In what ways does direct and pre-established involvement of the community enhance the risk cognition function?
Research Design
This study employs a qualitative interpretivist approach, as is appropriate for an exploratory and descriptive study looking at a recent and unique phenomenon. We collected data through semi-structured interviews, participant observation, fieldwork in the affected area, and archival review. The researchers conducted 18 semi-structured interviews with Community Brigade members, Malibu City government officials, Los Angeles County government representatives, and representatives of the Los Angeles County Fire Department. Participant observation occurred at three community brigade events, as well as two public meetings (one in person and one via Zoom) hosted by officials from the city government, federal agencies—including the Federal Emergency Management Agency (FEMA) and the U.S. Army Corps of Engineers—and congressional representatives’ staff members. The researchers were also granted access to the affected area in the company of Community Brigade members within a month of the Palisades Fire.
Study Site and Access
The development of the Community Brigade pilot program provided the researchers with the opportunity to develop deep ties to the community and contributed to the development of professional relationships with city government officials and county government representatives. The researchers work with the LAEPF, and the co-production of research products, including reports and presentations, have contributed to a long-standing working relationship built on mutual respect and reciprocity. The researchers have contributed to reports featured on the Los Angeles Emergency Preparedness Foundation’s website and consistently communicate with the Brigade leadership on how the research can assist with the Community Brigade’s further development. Further, the researchers advised the Community Brigades throughout the course of its six-year development and provided imperative insights into disaster response governance, assisting with the brigade’s recognition from the Los Angeles County Fire Department and Los Angeles County Board of Supervisors.

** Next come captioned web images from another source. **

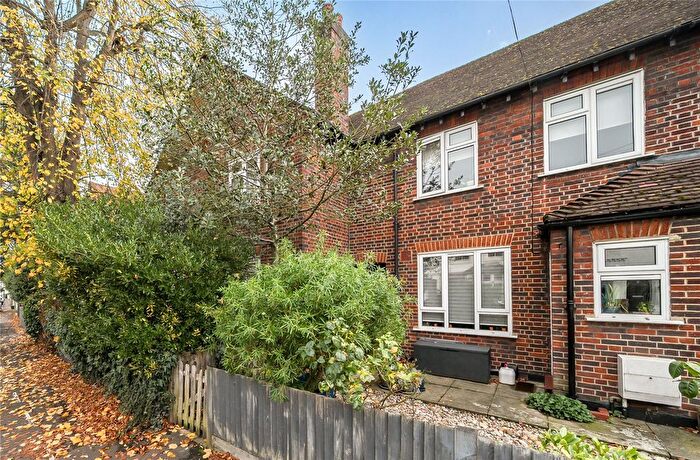 2 Bedroom Flat For Sale In Stanley Gardens Road, Teddington, TW11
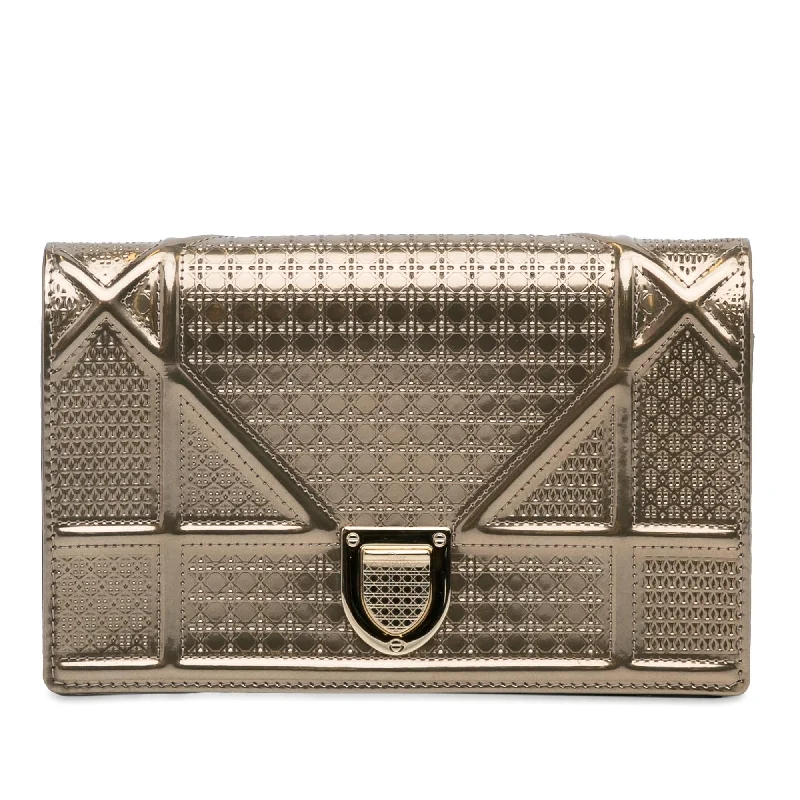 Dior Patent Microcannage Diorama Wallet on Chain (SHG-slLLNI)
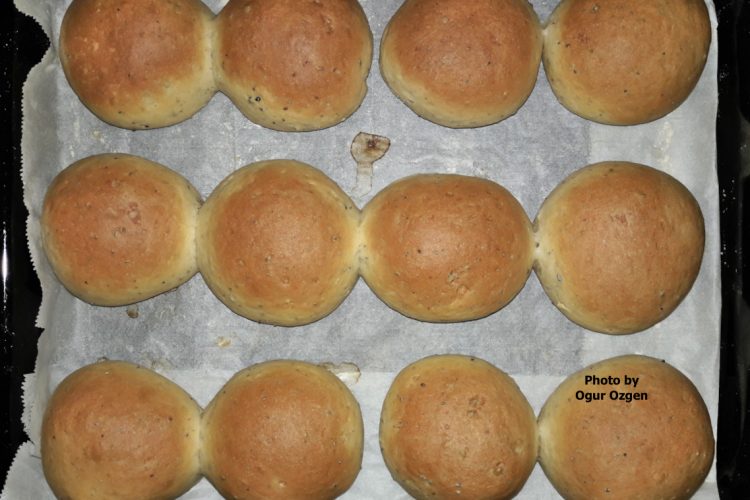baking soft buns at home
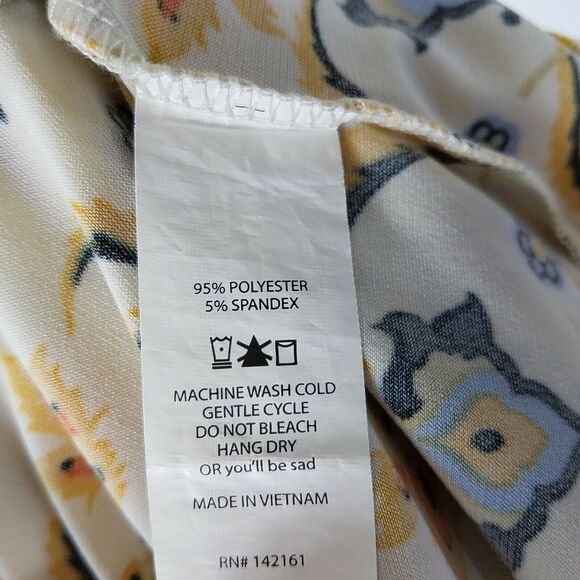 Lularoe Irma Top Short Sleeve Scoop Neck Floral Multicolor Modest Size XXS - Picture 7 of 8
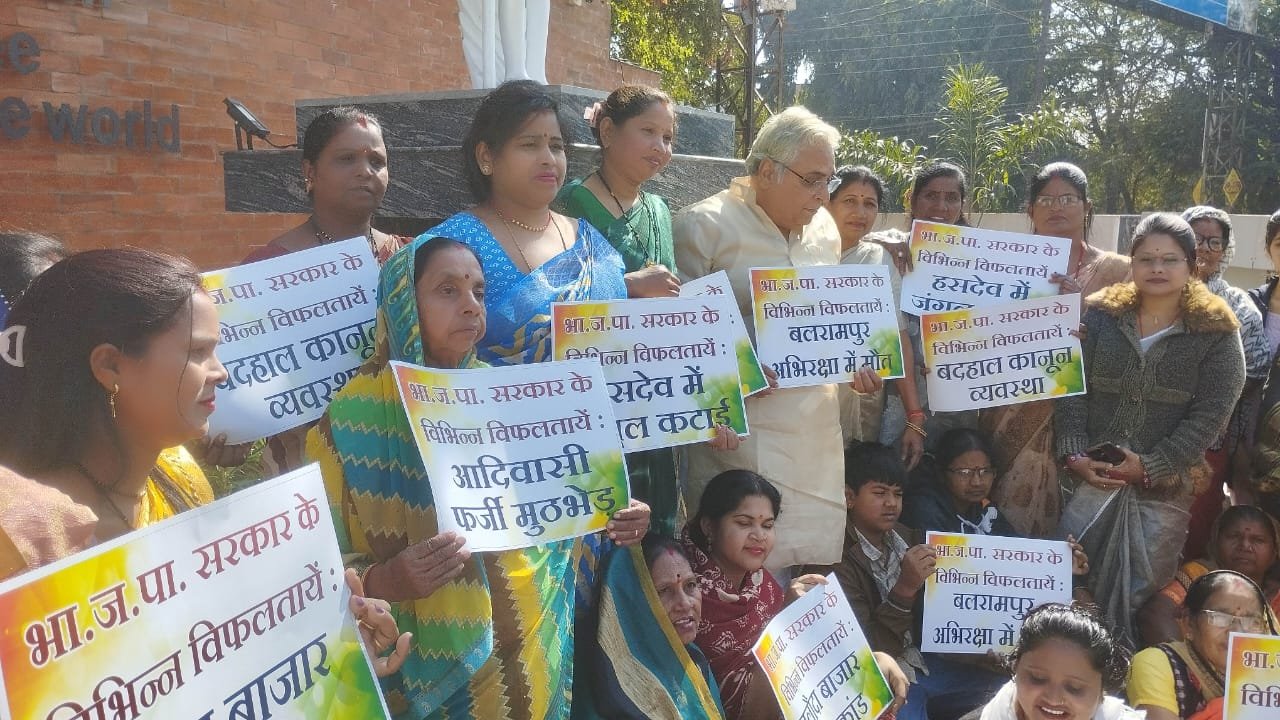 महिला कांग्रेस का आक्रोश: भाजपा सरकार की 1 वर्ष की असफलताओं पर जोरदार प्रदर्शन, वोरा भी पहुंचे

Additionally, the Geo-SpACE lab (geospatial analysis for community engagement) provided the Community Brigade pilot program with a critical geospatial analysis of their response activities. This series of maps allows the brigades to spatially visualize their activities over the course of the event. It allows them to assess the most used activities and resources and will inform future response activities.
Participant Observation
We conducted participant observations at two public meetings held by city government officials regarding the fire (one via Zoom and one in person) and at Community Brigade organized events. The observations occurred between January and June of 2025. City government officials hosted the meetings, which featured representatives from congressional offices, FEMA, the U.S. Army Corps of Engineers, the Los Angeles County Board of Supervisor’s office, and the Los Angeles County Fire Department. The meetings included short presentations by the Army Corps of Engineers and FEMA regarding the resources available to affected people, and the procedures for accessing resources. The presentations focused on how affected residents could opt in to hazardous material removal from their properties, and centered resident feedback. The researchers observed the events and took notes. No recordings or pictures were taken.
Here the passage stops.